Actions communautaires

  1. assembler des personnes, des alliés communautaires et des conseils du travail qui partagent le même point de vue pour militer en faveur de l’adoption d’une désignation et de politiques de ville refuge.
  2. Écrire à votre conseiller municipal et à votre maire pour leur faire savoir que vous souhaitez faire de votre municipalité une ville refuge.
  3. Établir et faire signer une pétition électronique incitant le conseil municipal à adopter une motion qui désigne votre ville en tant que ville refuge.
  4. Rendre visite à votre conseiller municipal et à votre maire pour préconiser en personne l’adoption d’une politique de ville refuge.
  5. Recueillir des fonds afin d’appuyer les efforts communautaires visant à faire de votre municipalité une ville refuge.
  6. Sensibiliser le public de votre collectivité à la nécessité de devenir une ville refuge et aux effets positifs que cela aura.

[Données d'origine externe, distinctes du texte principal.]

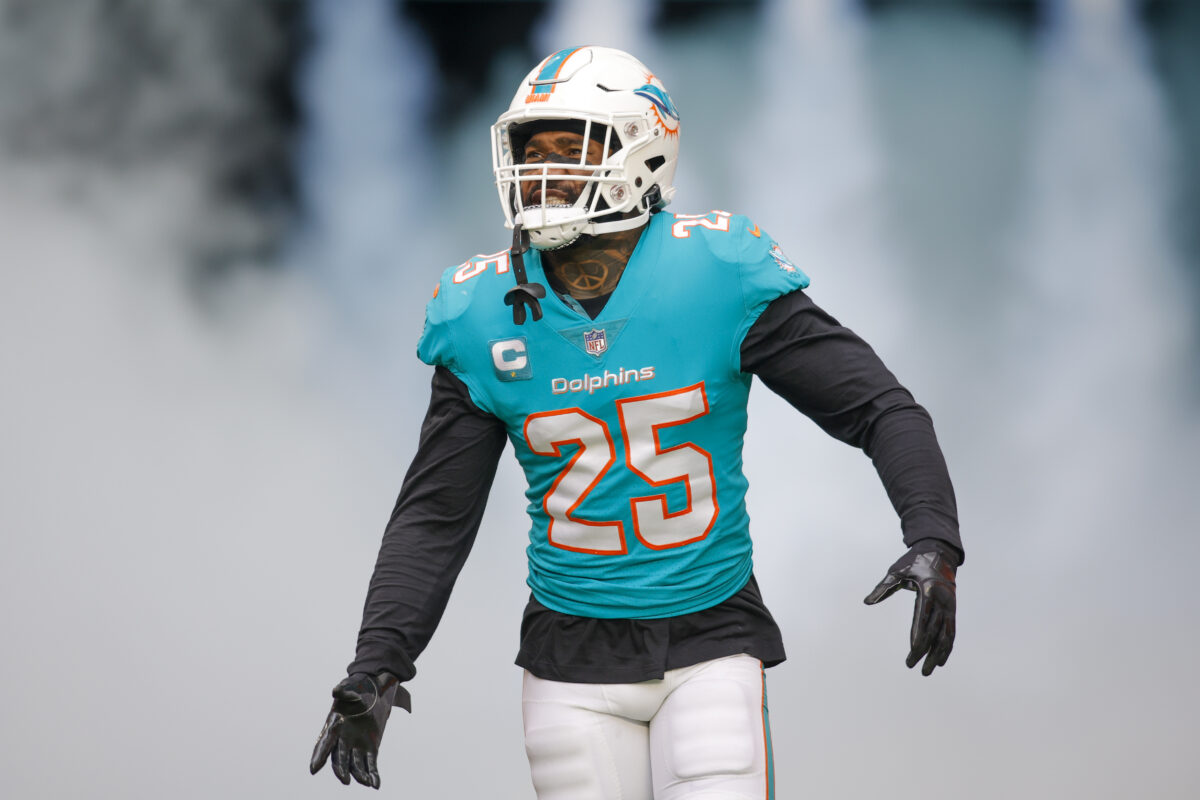 ESPN analyst ranks Dolphins CB unit as best in the NFL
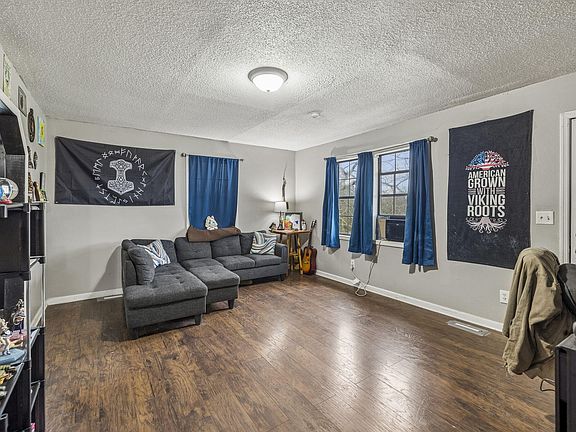 3rd image of 125 Ridge Rd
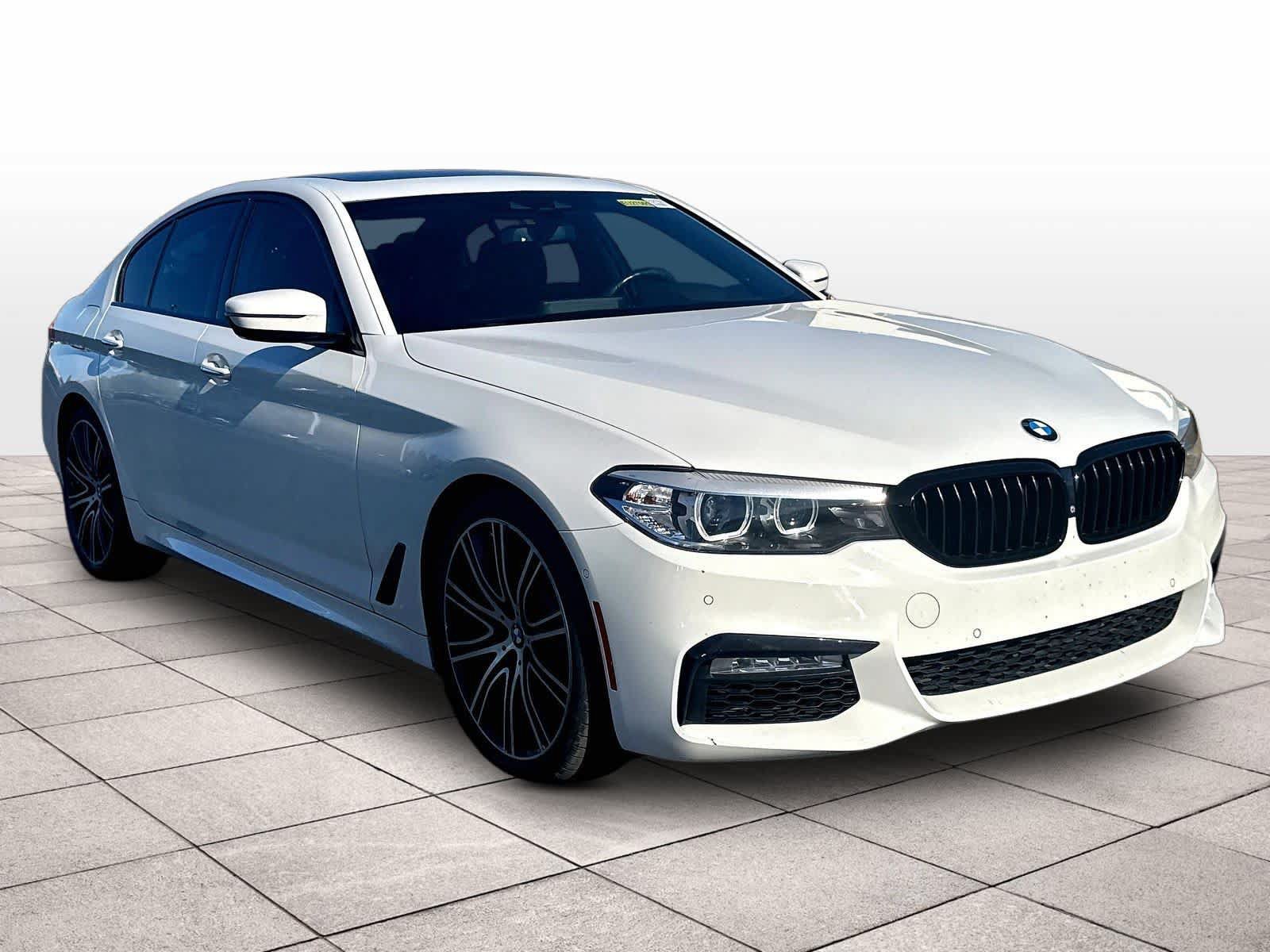 Used 2018 BMW 540i w/ M Sport Package RWD image 3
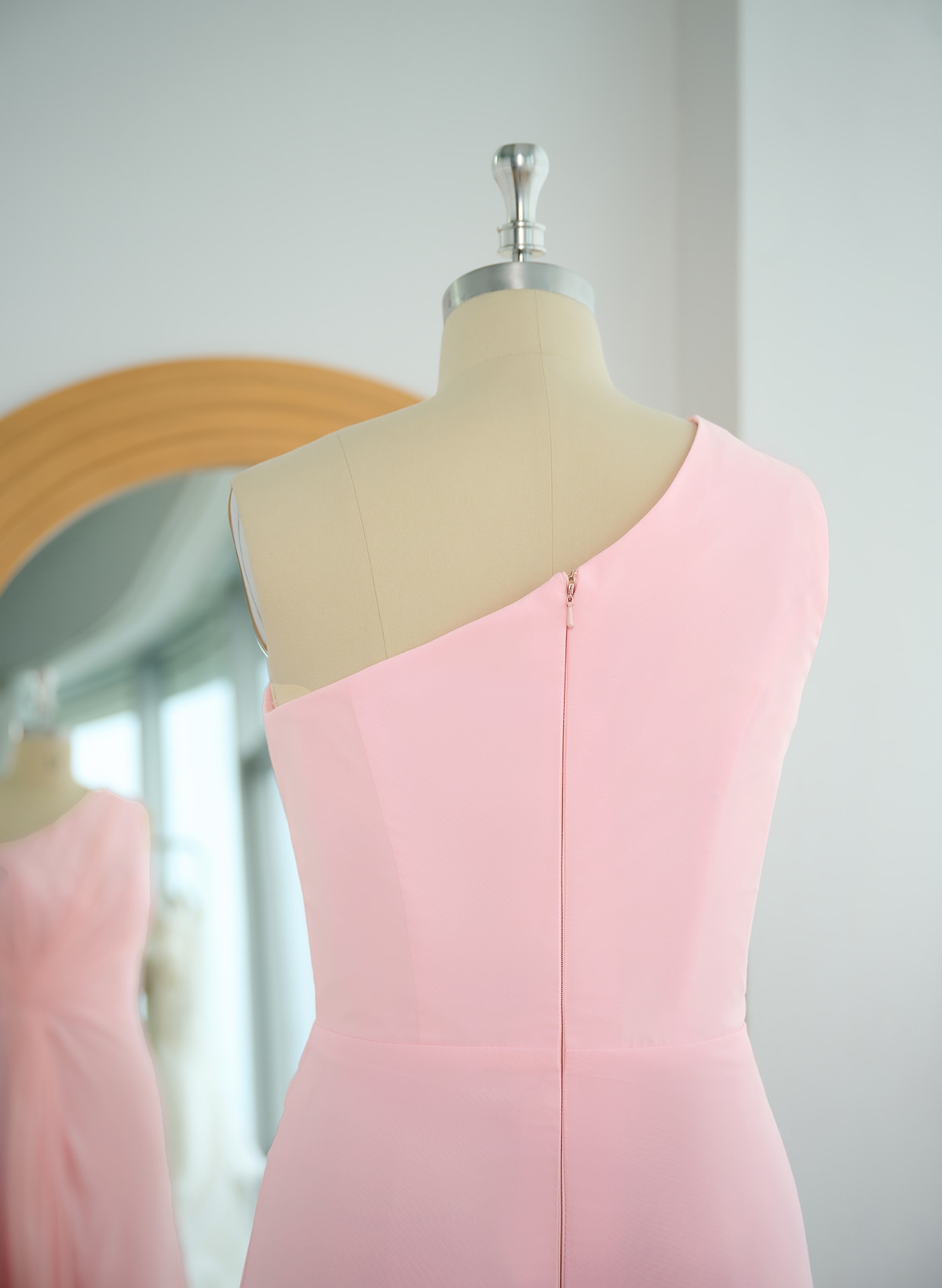 Modest One-Shoulder Sleeveless Chiffon Bridesmaid Dresses With Twisted Knot, product image 94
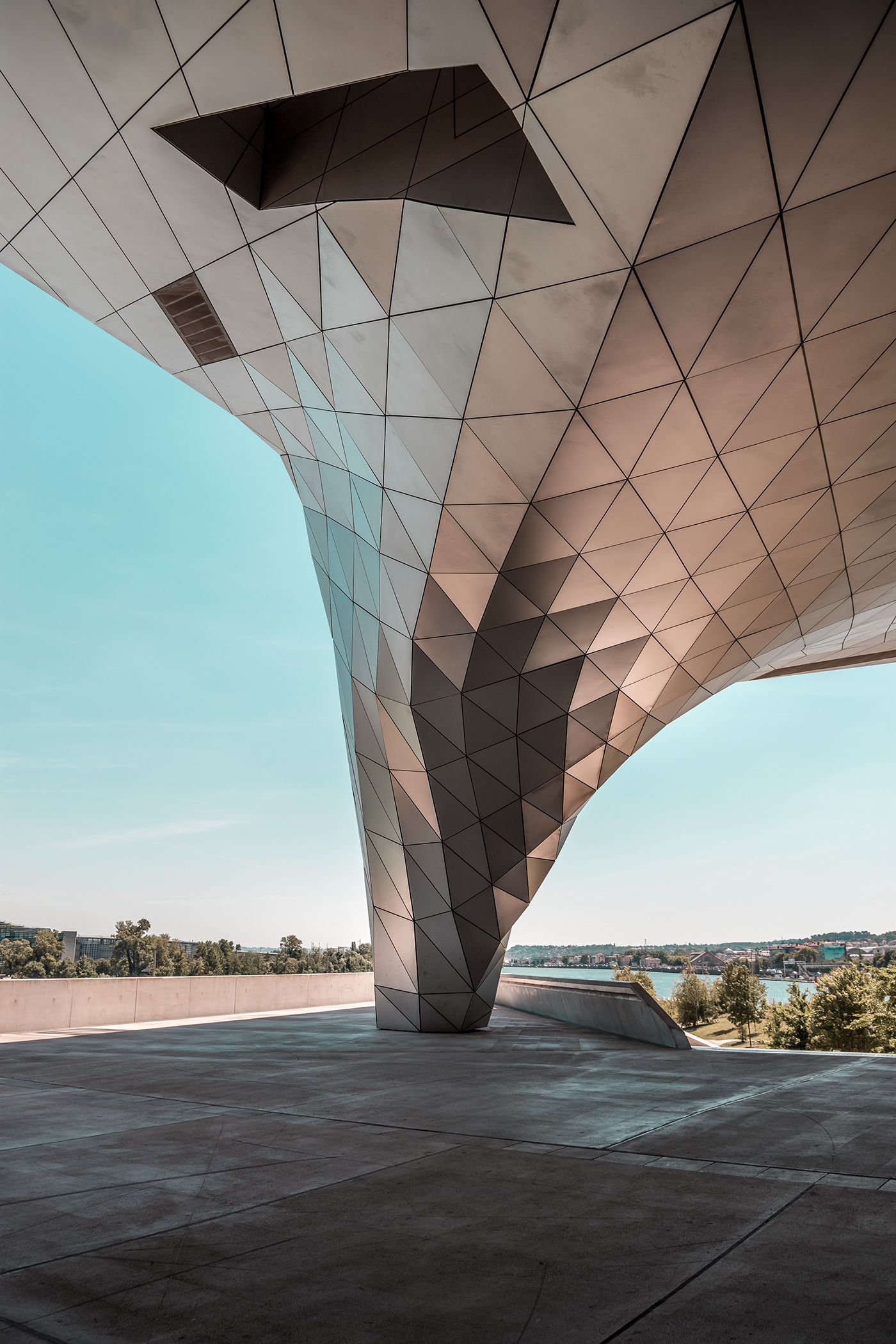 Pauline Daneirole，Futurland，Covid-19，Future world，Architectural design，deconstruction，stainless steel，Glass，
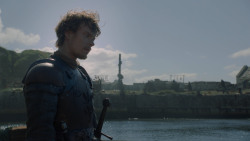 extant_GameOfThrones_2x05-TheGhostOfHarrenhal_1886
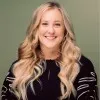 Hannah Van Lente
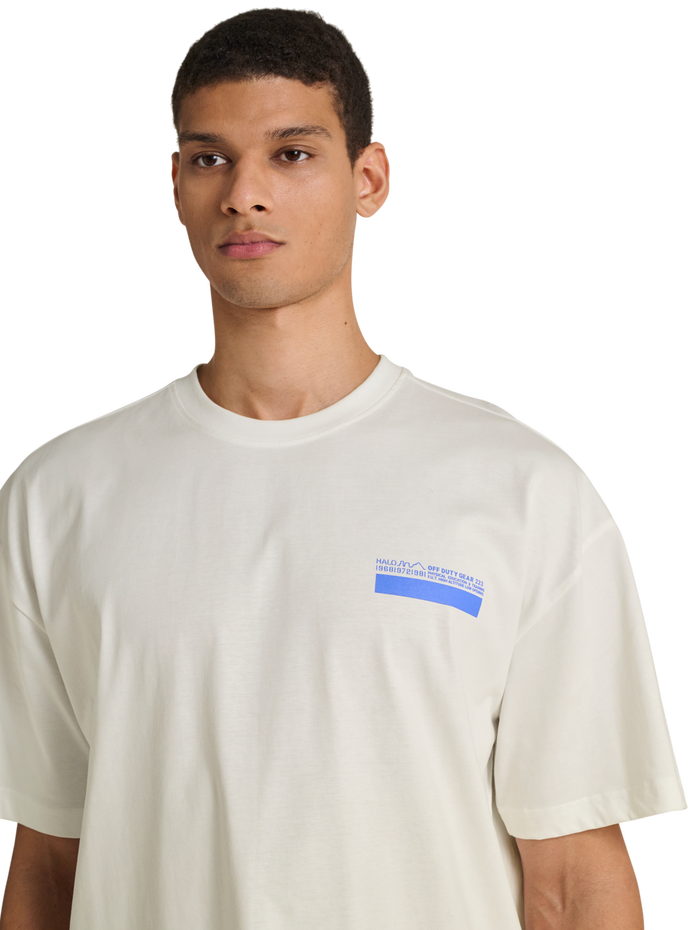 HALO GRAPHIC BOXY T-SHIRT, MARSHMALLOW/PALACE BLUE, model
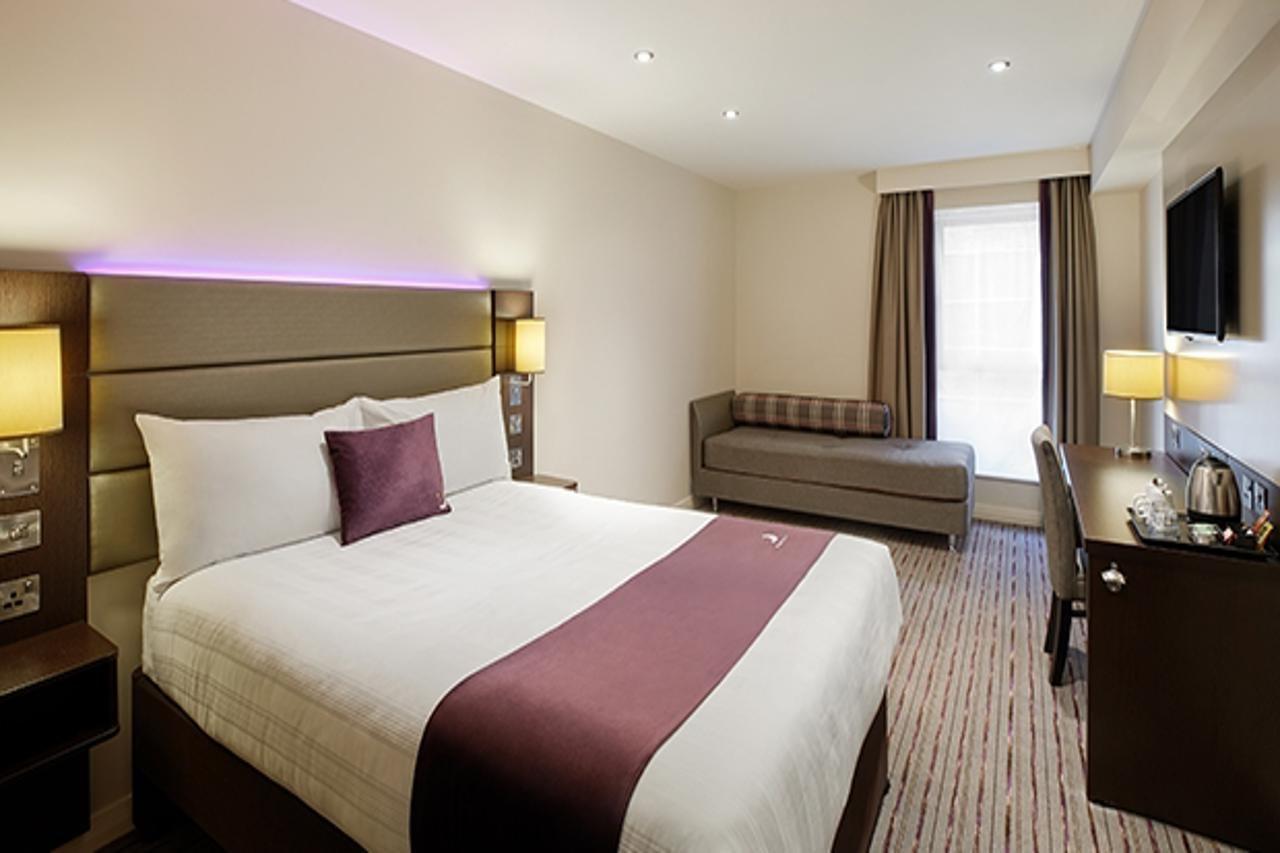 Premier Inn Birmingham City Centre Broad Street Ngoại thất bức ảnh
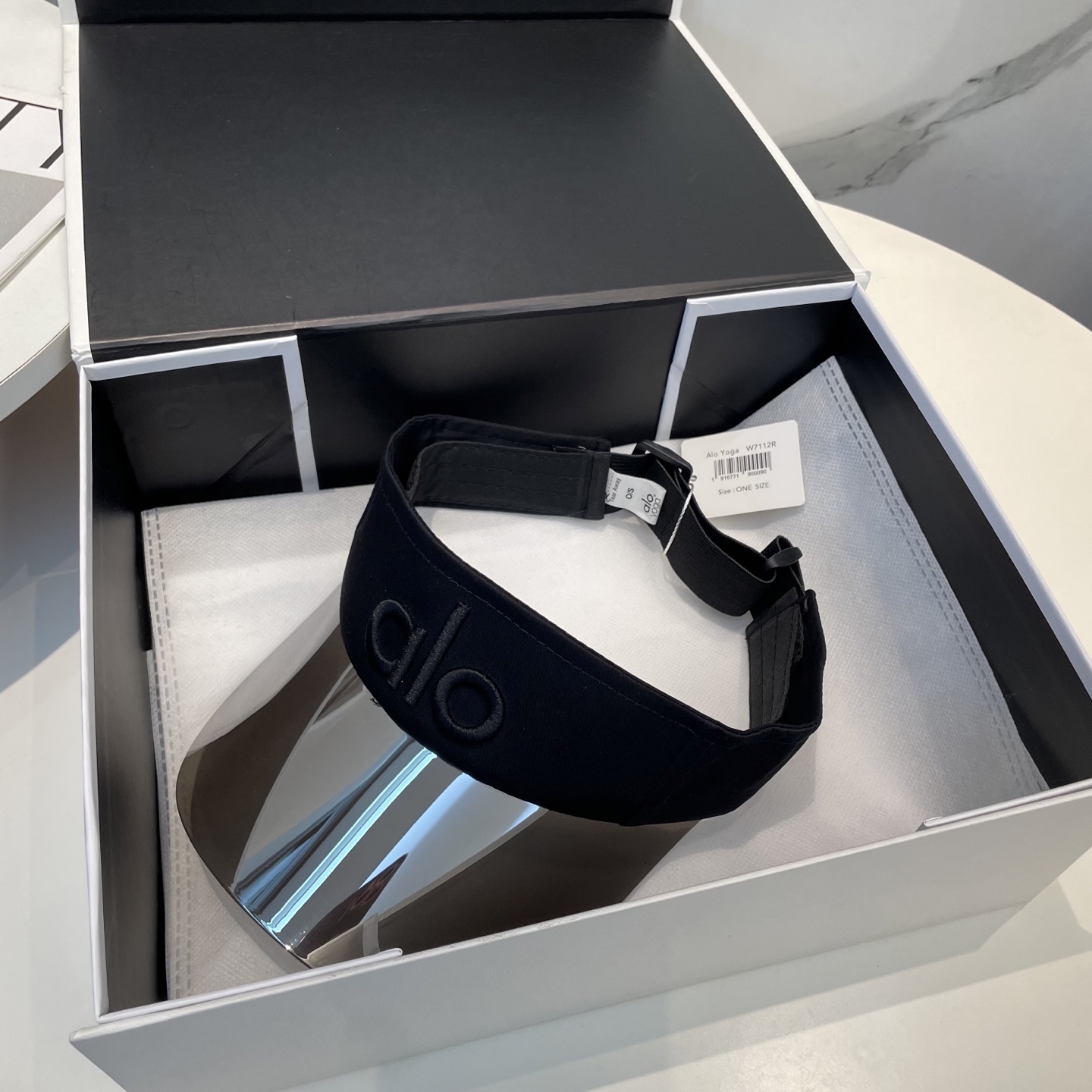 爆款🔥Alo新款镜片空顶帽
定制超薄纯棉面料,简约时尚更透气,超火爆
现货秒发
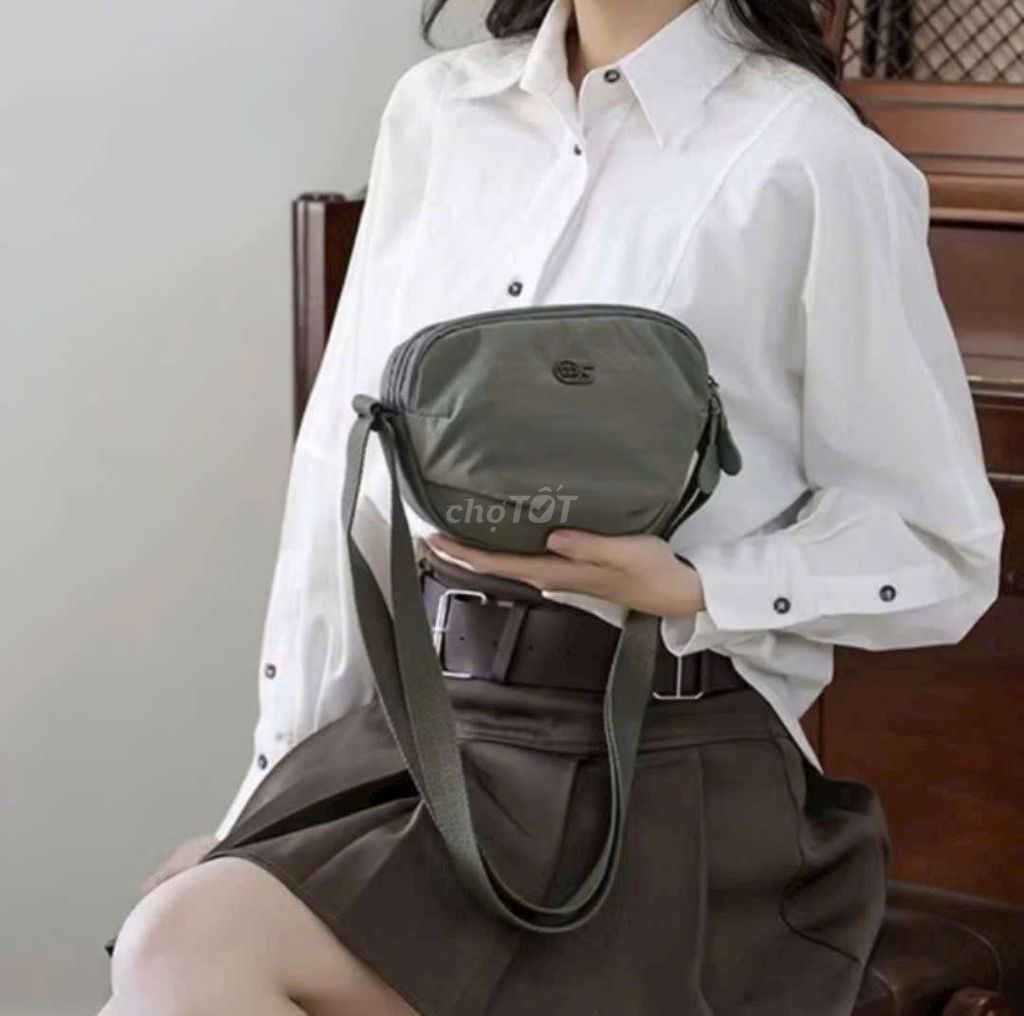 Túi đeo chéo Nữ Xanh rêu Nhỏ gọn. Mua bán Túi xách tại Thành phố Vĩnh Long Vĩnh Long được đăng bởi ST STORE chuyên sỉ hình 1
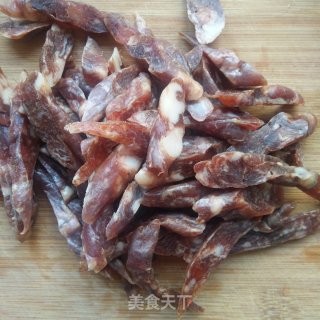 腊肠蒸粉丝的做法步骤：1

  7. Organiser des événements communautaires permettant de sensibiliser les gens au besoin de devenir une ville refuge et d’accroître l’appui de cette désignation.
  8. Si vous vivez dans une ville refuge, militez en faveur de la mise en œuvre efficace de politiques de ville refuge en :
  • communiquant avec votre conseiller municipal;
  • communiquant avec votre maire;
  • collaborant avec des personnes, des groupes et des conseils du travail qui partagent votre point de vue pour que les dossiers demeurent actifs dans la communauté et au sein du conseil municipal;
  • demandant au conseil municipal et à la police d’agir de manière transparente et de rendre des comptes à ce sujet.
  1.   Faire de votre appui de la désignation ou des politiques de ville refuge un enjeu électoral municipal.